Проникнуть в тайну Божественных планов и замыслов не дано тварному человеческому рассудку, но их присутствие и их плоды можно обнаружить в исторических явлениях. Человек и человеческие сообщества при этом не являются слепыми и бессильными орудиями Божественной воли. Исторический процесс представляет собой своего рода прагматический диалог между Промыслом и добровольно покоряющейся Ему или дерзающей восставать на Него волей человеческой, индивидуальной и властвующей лишь над самим ее носителем или держащей в узде целые народы и государства. Промысл Божий о торжестве Его Церкви на заре ее истории совершался действием Благодати и подвигом христианских мучеников, бессильных противостоять гонителям вещественным и земным оружием, но вновь и вновь одерживавших над ними духовную победу. В древних мартириях мученики часто именуются атлетами (афлите) веры, а их подвиг агиологи называют агоном, бранью, победоносным состязанием, в котором только внешним образом им противостоят палачи и стоящая за ними государственная мощь, в действительности же – духи злобы.
Само греческое слово «мартис» не содержит в себе указания на мучение, которое послужило основой для его перевода на славянский и русский язык как «мученик». Оно обозначает, собственно, «свидетель», в переводе на арабский – «шахид». В западные романские и германские языки это слово вошло без перевода, но в самом восприятии его акцент, как и в русском, стал делаться на претерпевании пыток, мучений. Но, как писал В.В. Болотов, «слово “мученик”, которым переводится у славян греческое мартис – “свидетель”, передает лишь второстепенную черту факта как отзыв непосредственного человеческого чувства на повествование о тех ужасных страданиях, которые переносили мартирес… В истории о мучениках нас, отделенных от начала христианства многими веками, поражают, прежде всего, те истязания, которым они подвергались. Но для современников, знакомых с римской судебной практикой, эти истязания были явлением обычным… Пытки на римском суде являлись обыкновенным законным средством дознания. К тому же, и нервы римского человека, привыкшего к возбуждению кровавыми зрелищами в амфитеатрах, так были притуплены, что жизнь человека ценилась мало. Так, например, показание раба, по римским законам, только тогда имело значение на суде, если оно было дано под пыткой, и свидетелей-рабов пытали… При том же, христиане обвинялись в уголовном преступлении – “в оскорблении величества”, а к подсудимым этого рода суды имели законное право применять пытки в обилии»[2].

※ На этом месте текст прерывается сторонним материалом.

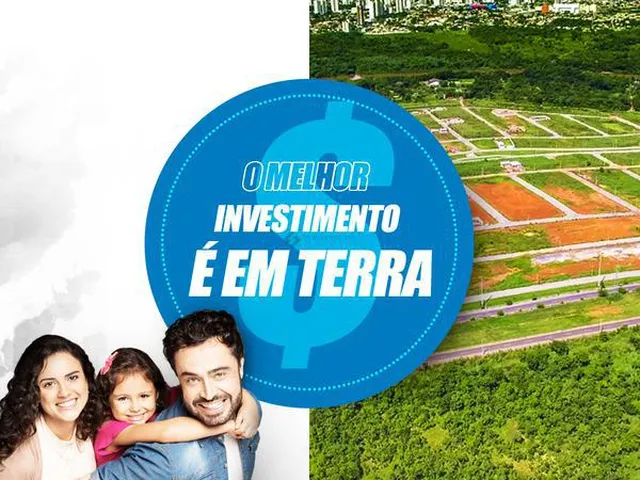 Imagem: Loteamento Parque das Aguas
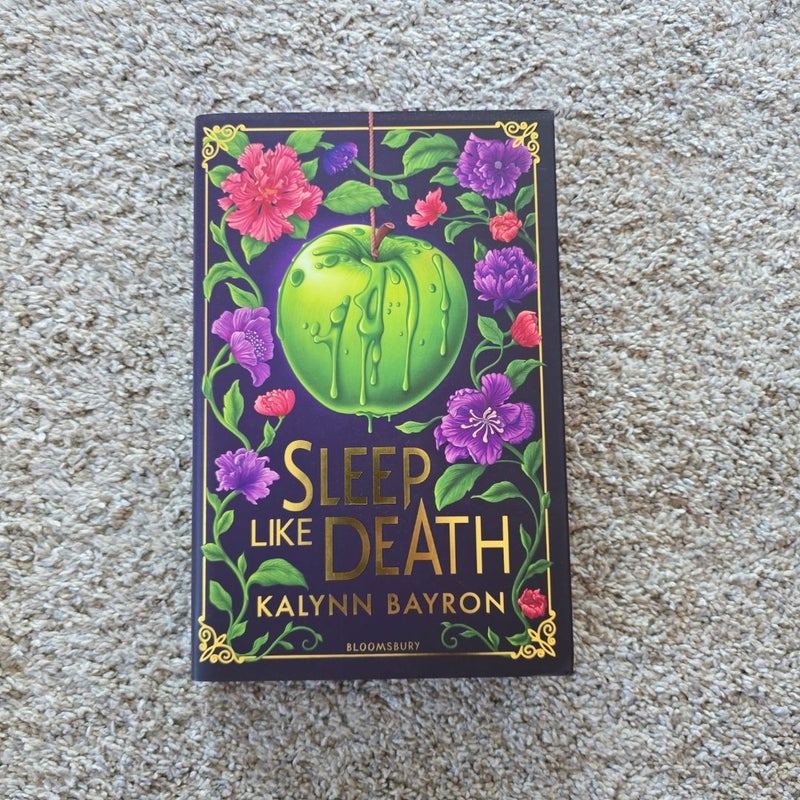 Sleep Like Death (Fairyloot Edition)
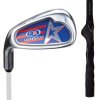 RS2-36 Yard Club with 3 Yard Balls and Rubber Tee (92cm)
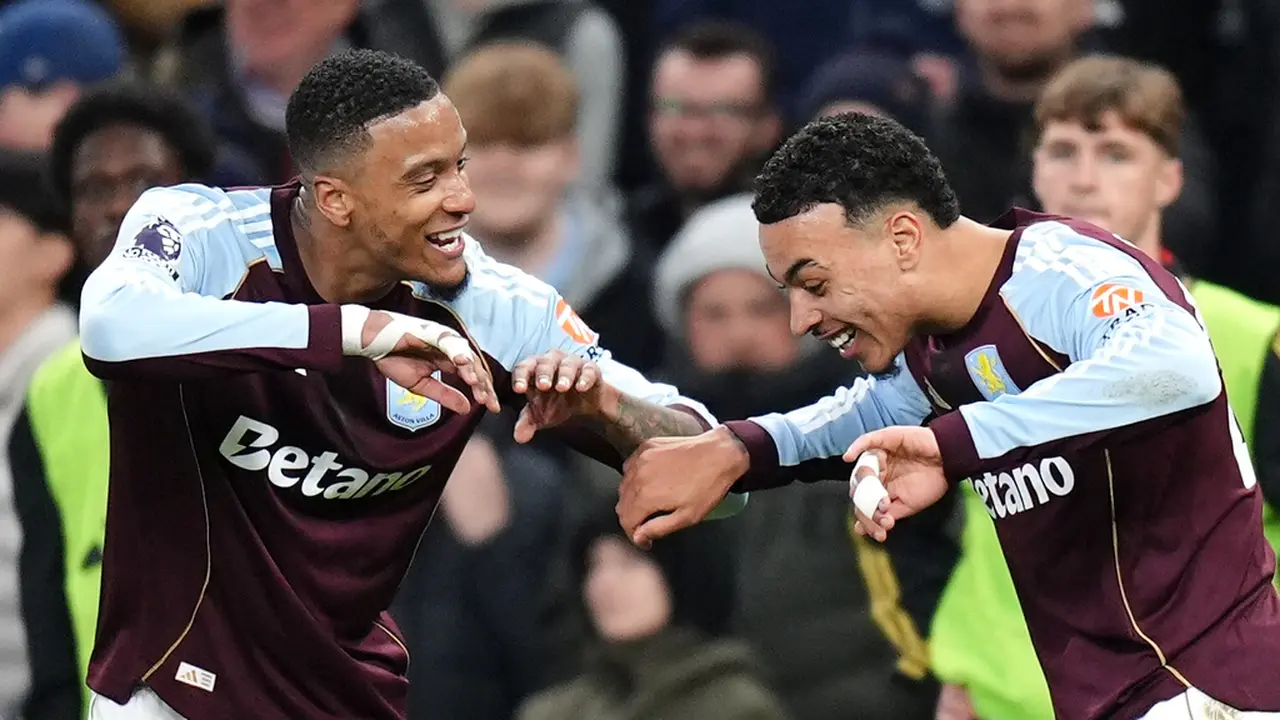 Aston Villa - Morgan Rogers
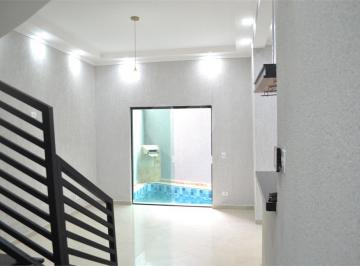 Casa · 166m² · 3 Quartos · 2 Vagas · Sobrado com 3 quartos à venda em Jardim líbano - SP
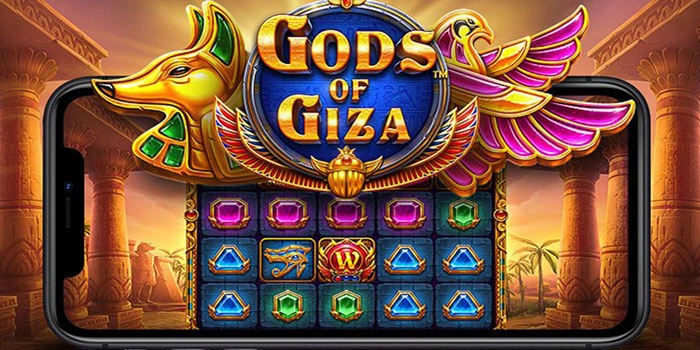 Trik Slot Gods Of Giza Supaya Free Spin Selalu Datang
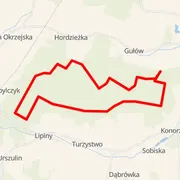 Mapa trati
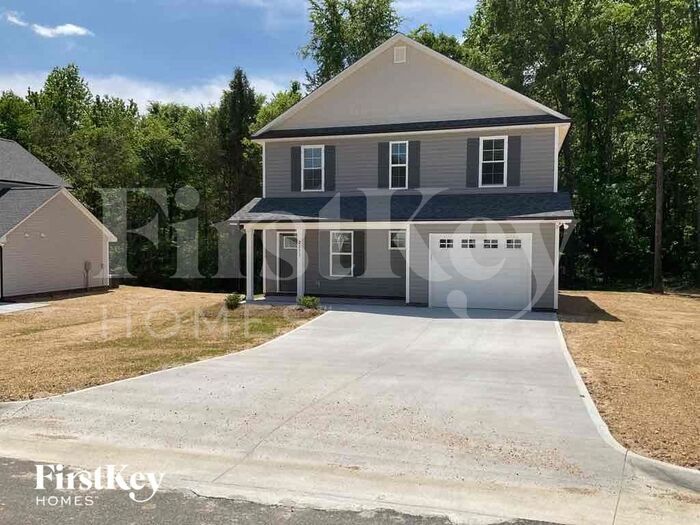 2053 Samantha Dr in Kannapolis, NC - Building Photo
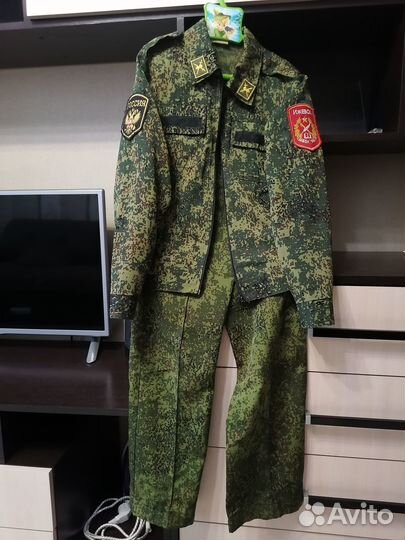 Форма кадета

Для древних христианский мученик был, прежде всего, не жертвой, но свидетелем веры, героем веры, победителем. Попросту говоря, люди, наблюдавшие эту его борьбу и одержанную им победу, обнаруживавшуюся в том, что палачи оказались бессильны заставить его отречься от Христа, убеждались в том, что выдержавший пытки и претерпевший добровольную смерть христианин обладает ценностью, которая выше всего, что есть на земле, потому что самой несомненной земной ценностью человека является его жизнь, и если христианин жертвует ею, то он делает это ради блага, превосходящего временную жизнь. В восприятии одних зрителей истязаний и казней вера жертвующих жизнью христиан была проявлением неразумного суеверия упрямцев, пребывающих в плену иллюзий, но для других наблюдаемый ими подвиг мученика становился исходным импульсом внутреннего переворота, началом переоценки прежних ценностей, призывом к обращению. И, как известно из житий древних мучеников, порой такое преображение души совершалось с ошеломляющей скоростью, так что даже судьи, приговаривавшие христиан к казни, и палачи, уже готовые приступить к своему ремеслу, пораженные верностью и стойкостью осужденного на смерть христианина, сами громогласно исповедовали Христа и кровью свидетельствовали о своей приверженности только что обретенной ими вере в Него. Чрез мученичество христиане соединялись со Христом, и радость общения с Ним они не только обретали за гробом, но предвкушали уже здесь, в самих страданиях за Него.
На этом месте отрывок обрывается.